CJIAC broadsided IATA when it said, “IATA without any cloak or shroud of legitimacy is demanding that CJIAC make what can only be characterised as an airport fee application filing to them providing full justification and explanation of the basis on which the fees have been determined.”

In defiance, the airport said, its officers and employees are prohibited from “providing information to entities for the purposes of certifying the basis on which the corporation determined the fees it would charge.
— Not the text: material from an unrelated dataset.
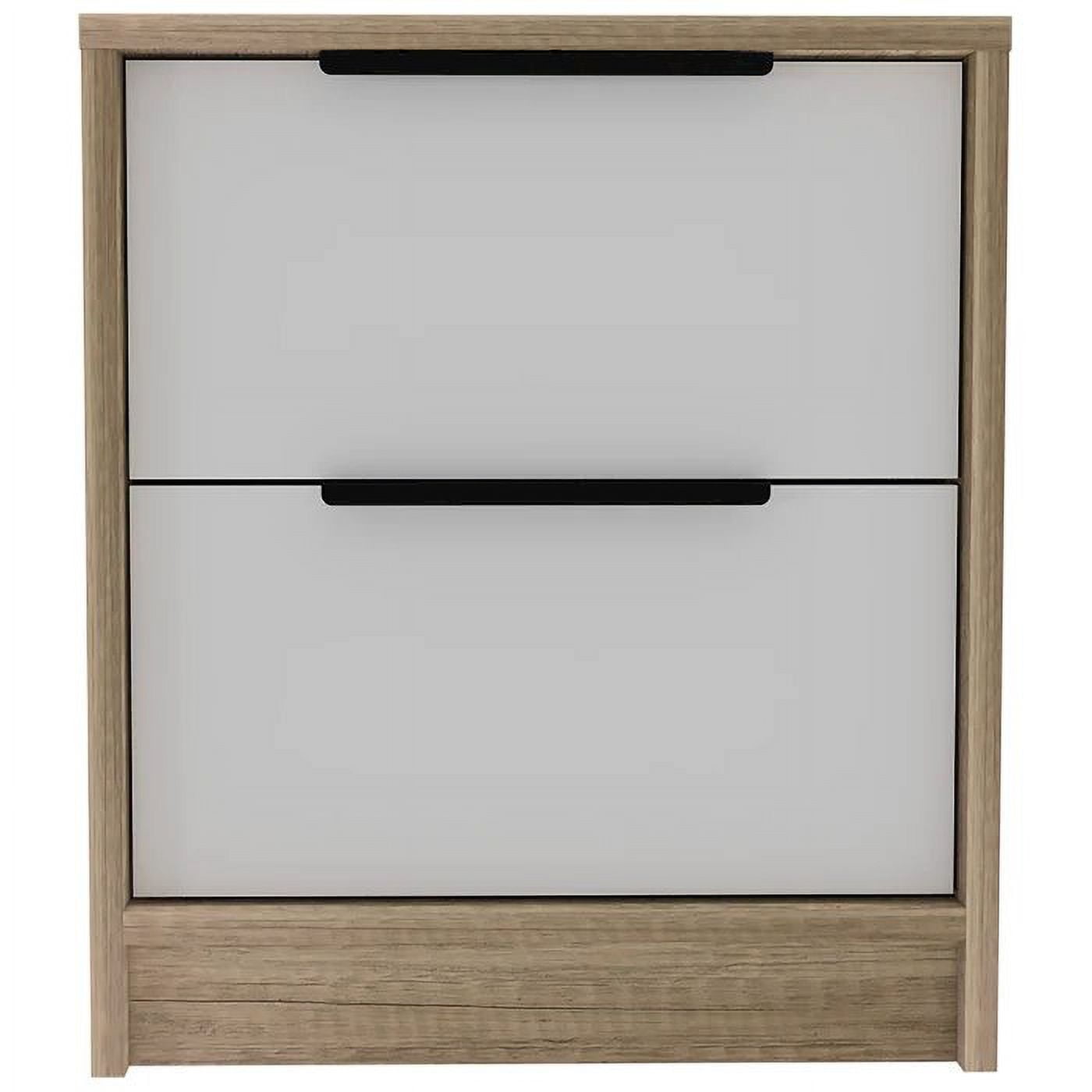 Modern Light Oak and White 2-Drawer Nightstand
Much less in this case where there is no legal relationship between IATA and CJIAC.”

CJIA said that on January 25, 2019, the airport informed airlines of the proposed fee increase which went into effect on April 1, 2019 and that it provided explanations of the fee increases, based on “capital improvements.”

“CJIAC budgeted two billion in capital works for 2019/2020 to improve the services offered to the passengers and its airport stakeholders. The larger terminal with passenger boarding bridges has seen a significant increase in operational cost inclusive of power consumption.”

Meanwhile, the airport is still incomplete; bathrooms are already clogging up or breaking. There is no air condition system functioning throughout the arrival or the departure areas. Check-in takes a long time and incoming passengers have to wait for an average of 30 minutes or more to clear immigration. There are only 10 arrival booths and two are used for VIP and Crew.

The departure and arrival terminals are already crowded because the government reduced the size of the expansion project.

The runway and the parking lots are still incomplete. Some of the major and minor roads leading to the airport and within the airport facilities are also incomplete.

The opposition leader, the former president Bharrat Jagdeo whose government initiated the project and reduced by the present government, condemned the additional arrival and departure fees.

Jagdeo said the US$150 million expansion and modernisation of the airport were aimed to increase passenger flow, thus eliminating the need to increase fees and taxes. Stakeholders also complained that the new taxes and additional fees do not stimulate tourism and domestic air travel.

Jagdeo said that his government conceived the airport expansion with the idea that increased passenger flow would offset the need to add more taxes and fees to passenger tickets to sustain the expansion project.